[EXERCISE DIRECTIONS]
Nothing but the lines from the one containing "1250 Redhead Lane, Jefferson, GA" through the end of the material should be restated, and each exactly.

[EXERCISE DATA]

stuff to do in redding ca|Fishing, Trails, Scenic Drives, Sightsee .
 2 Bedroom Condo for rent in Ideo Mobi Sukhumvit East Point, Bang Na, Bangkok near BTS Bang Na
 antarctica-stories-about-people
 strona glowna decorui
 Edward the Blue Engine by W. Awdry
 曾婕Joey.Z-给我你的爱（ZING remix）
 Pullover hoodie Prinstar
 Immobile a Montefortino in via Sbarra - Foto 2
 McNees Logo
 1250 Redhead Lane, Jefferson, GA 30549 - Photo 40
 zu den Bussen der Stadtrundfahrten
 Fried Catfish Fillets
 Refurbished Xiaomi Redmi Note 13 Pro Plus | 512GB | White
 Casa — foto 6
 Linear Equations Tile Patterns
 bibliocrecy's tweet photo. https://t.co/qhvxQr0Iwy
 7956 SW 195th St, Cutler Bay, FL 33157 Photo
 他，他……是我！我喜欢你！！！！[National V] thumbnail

[EXERCISE SOLUTION]
 1250 Redhead Lane, Jefferson, GA 30549 - Photo 40
 zu den Bussen der Stadtrundfahrten
 Fried Catfish Fillets
 Refurbished Xiaomi Redmi Note 13 Pro Plus | 512GB | White
 Casa — foto 6
 Linear Equations Tile Patterns
 bibliocrecy's tweet photo. https://t.co/qhvxQr0Iwy
 7956 SW 195th St, Cutler Bay, FL 33157 Photo
 他，他……是我！我喜欢你！！！！[National V] thumbnail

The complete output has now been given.